+++ Working data

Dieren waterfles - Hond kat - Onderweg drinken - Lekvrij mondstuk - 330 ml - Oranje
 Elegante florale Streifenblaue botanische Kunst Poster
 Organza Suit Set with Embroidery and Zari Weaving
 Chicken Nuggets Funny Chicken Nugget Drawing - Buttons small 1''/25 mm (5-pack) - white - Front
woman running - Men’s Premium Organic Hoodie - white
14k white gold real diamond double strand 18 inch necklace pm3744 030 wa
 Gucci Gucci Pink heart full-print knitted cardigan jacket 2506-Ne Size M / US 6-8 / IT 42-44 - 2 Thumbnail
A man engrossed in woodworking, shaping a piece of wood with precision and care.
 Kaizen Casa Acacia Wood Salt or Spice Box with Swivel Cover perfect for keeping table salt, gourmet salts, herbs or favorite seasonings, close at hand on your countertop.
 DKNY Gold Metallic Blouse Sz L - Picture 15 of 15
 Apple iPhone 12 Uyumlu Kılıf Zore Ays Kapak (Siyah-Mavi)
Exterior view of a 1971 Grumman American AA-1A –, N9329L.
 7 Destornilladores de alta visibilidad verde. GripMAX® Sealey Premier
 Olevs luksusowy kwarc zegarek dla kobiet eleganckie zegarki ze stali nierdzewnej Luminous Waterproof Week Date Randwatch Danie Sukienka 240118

++++++

**Task:** Transcribe the data in full, keeping every character.

**Exercise solution:**
Dieren waterfles - Hond kat - Onderweg drinken - Lekvrij mondstuk - 330 ml - Oranje
 Elegante florale Streifenblaue botanische Kunst Poster
 Organza Suit Set with Embroidery and Zari Weaving
 Chicken Nuggets Funny Chicken Nugget Drawing - Buttons small 1''/25 mm (5-pack) - white - Front
woman running - Men’s Premium Organic Hoodie - white
14k white gold real diamond double strand 18 inch necklace pm3744 030 wa
 Gucci Gucci Pink heart full-print knitted cardigan jacket 2506-Ne Size M / US 6-8 / IT 42-44 - 2 Thumbnail
A man engrossed in woodworking, shaping a piece of wood with precision and care.
 Kaizen Casa Acacia Wood Salt or Spice Box with Swivel Cover perfect for keeping table salt, gourmet salts, herbs or favorite seasonings, close at hand on your countertop.
 DKNY Gold Metallic Blouse Sz L - Picture 15 of 15
 Apple iPhone 12 Uyumlu Kılıf Zore Ays Kapak (Siyah-Mavi)
Exterior view of a 1971 Grumman American AA-1A –, N9329L.
 7 Destornilladores de alta visibilidad verde. GripMAX® Sealey Premier
 Olevs luksusowy kwarc zegarek dla kobiet eleganckie zegarki ze stali nierdzewnej Luminous Waterproof Week Date Randwatch Danie Sukienka 240118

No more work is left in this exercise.